On 11/15/19 6:06 AM, Jason Gunthorpe wrote:
On Thu, Nov 14, 2019 at 03:06:05PM -0800, Ralph Campbell wrote:
On 11/13/19 5:51 AM, Christoph Hellwig wrote:
On Tue, Nov 12, 2019 at 11:45:52PM +0000, Jason Gunthorpe wrote:
Well, it would mean registering for the whole process address space.
I'll give it a try.
I'm not sure it makes much sense that this testing is essentially
modeled after nouveau's usage which is very strange compared to the
other drivers.
Which means we really should make the test cases fit the proper usage.
Maybe defer the tests for 5.5 and just merge the first patch for now?
I think this a good point to discuss.
Some devices will want to register for all changes to the process address
space because there is no requirement to preregister regions that the
device can access verses devices like InfiniBand where a range of addresses
have to be registered before the device can access those addresses.
But this is a very bad idea to register and do HW actions for ranges
that can't possibly have any pages registered. It slows down the
entire application
I think the ODP approach might be saner, when it mirrors the entire
address space it chops it up into VA chunks, and once a page is
registered on the HW the VA chunk goes into the interval tree.
Presumably the GPU also has some kind of page table tree and you could
set one of the levels as the VA interval when there are populated children
Jason
I wasn't suggesting that HW invalidates happen in two places.
I'm suggesting the two styles of invalidates can work together.
For example, what if a driver calls mmu_notifier_register(mn, mm)
to register for address space wide invalidations, then some time
later there is a device page table fault and the driver calls
mmu_range_notifier_insert() but with a NULL ops.invalidate.
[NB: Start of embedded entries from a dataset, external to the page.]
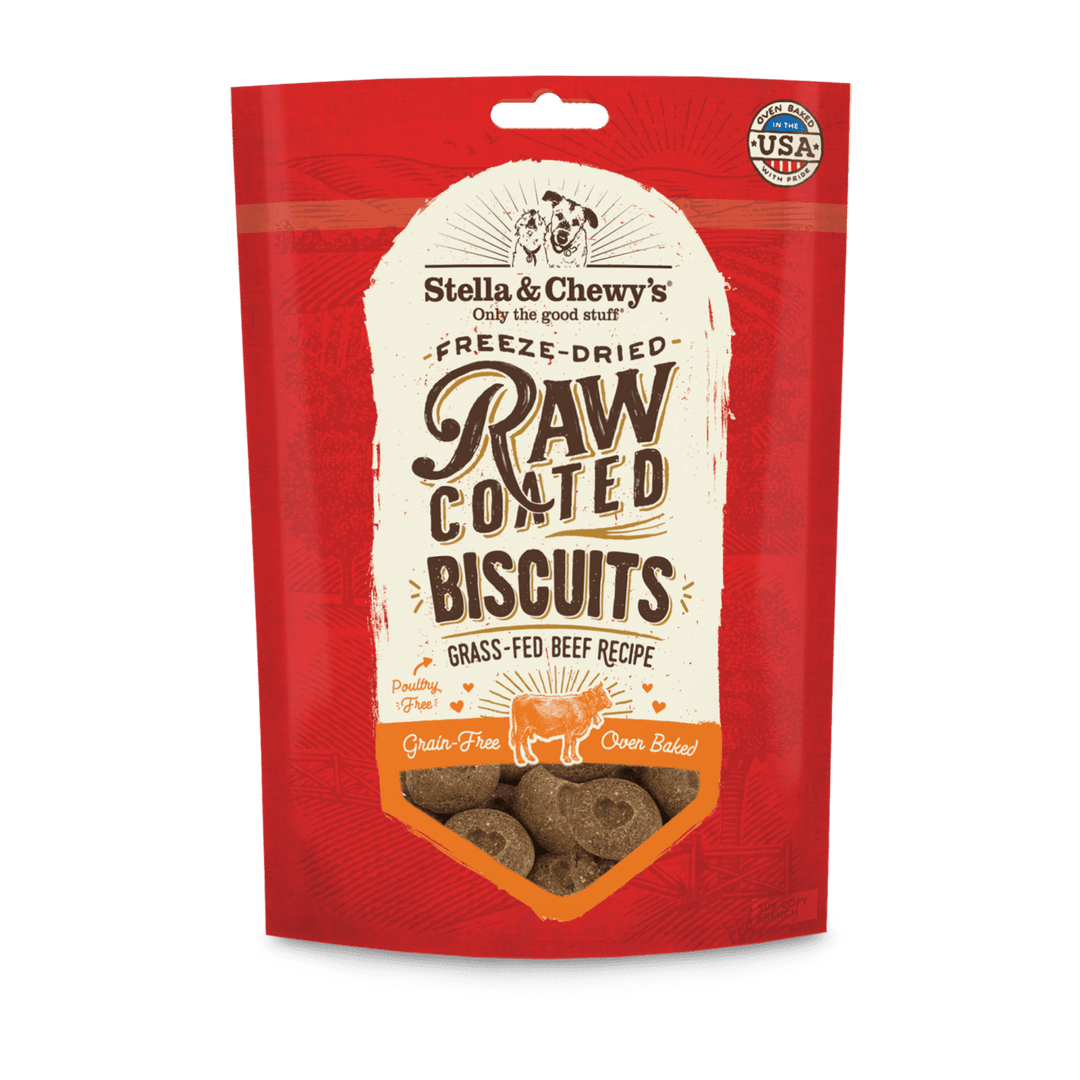 Stella & Chewy's Raw Coated Biscuits - Boeuf Nourri à l'Herbe - Biscuits pour Chiens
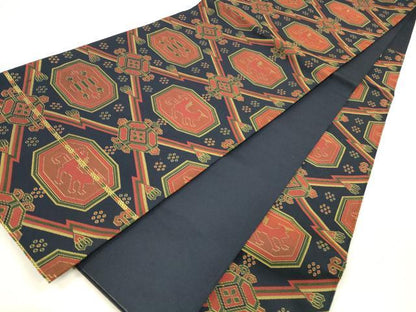 平和屋着物●六通柄　本袋帯　名物裂類綿文　正絹　逸品　DABA0175cm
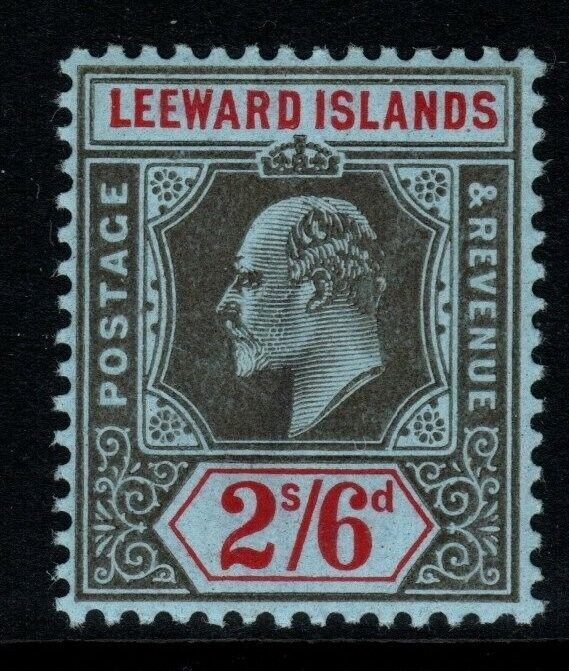 LEEWARD ISLANDS SG44 1911 2/6 BLACK & RED/BLUE MTD MINT 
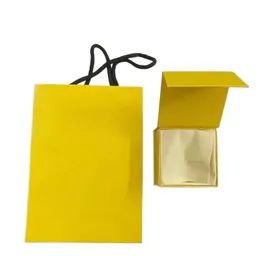 Yeni stil f harf sarı kutular takı aksesuarları ambalaj ekran kutusu toz çantaları kolyeler bilezik küpeler halka kutusu hediye çantası mücevher saklama kutuları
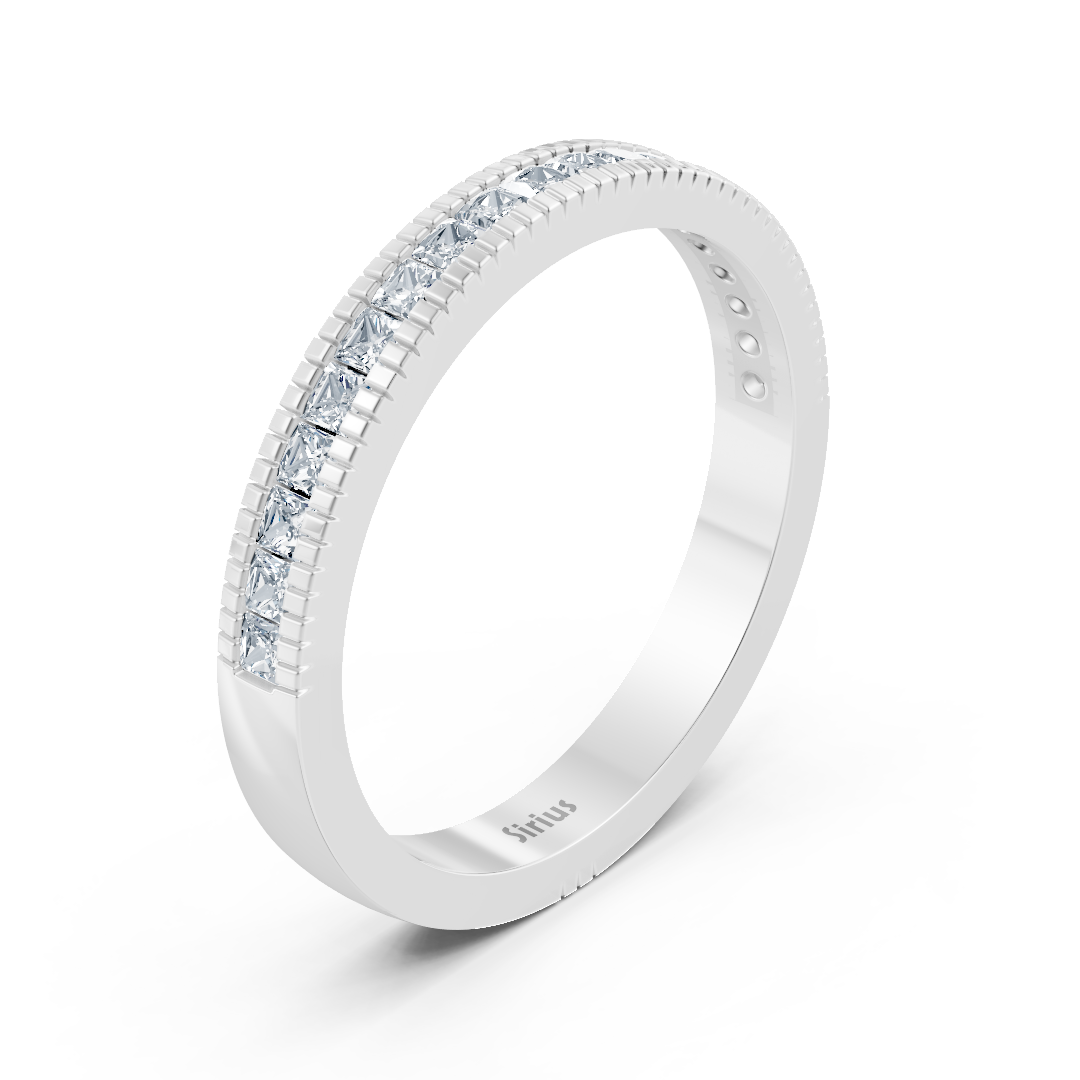 Bague anniversaire en or blanc 14 carats avec diamant taille princesse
The fault handler follows the nouveau/test_hmm pattern to call
mmu_range_read_begin()
hmm_range_fault()
device lock
mmu_range_read_retry()
update device page tables
device unlock
mmu_range_notifier_remove()
The global invalidate() callback would get the device lock and
call into mm to update the sequence number of any affected ranges
instead of having a range invalidate callback, and then do the HW
invalidations.